:: What is expected ::
Please copy out the entries below exactly, beginning with the line that contains "Jet Substructure Tools" and ending with the line that contains "Image de 50", and include nothing outside that span.

:: Source information ::
[Start of Attachment]
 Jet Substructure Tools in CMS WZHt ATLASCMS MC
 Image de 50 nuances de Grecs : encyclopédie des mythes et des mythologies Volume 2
[End of Attachment]
[Start of Attachment]
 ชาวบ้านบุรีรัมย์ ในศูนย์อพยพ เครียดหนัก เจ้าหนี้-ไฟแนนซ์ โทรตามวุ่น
[End of Attachment]
:: Answer section ::
 Jet Substructure Tools in CMS WZHt ATLASCMS MC
 Image de 50 nuances de Grecs : encyclopédie des mythes et des mythologies Volume 2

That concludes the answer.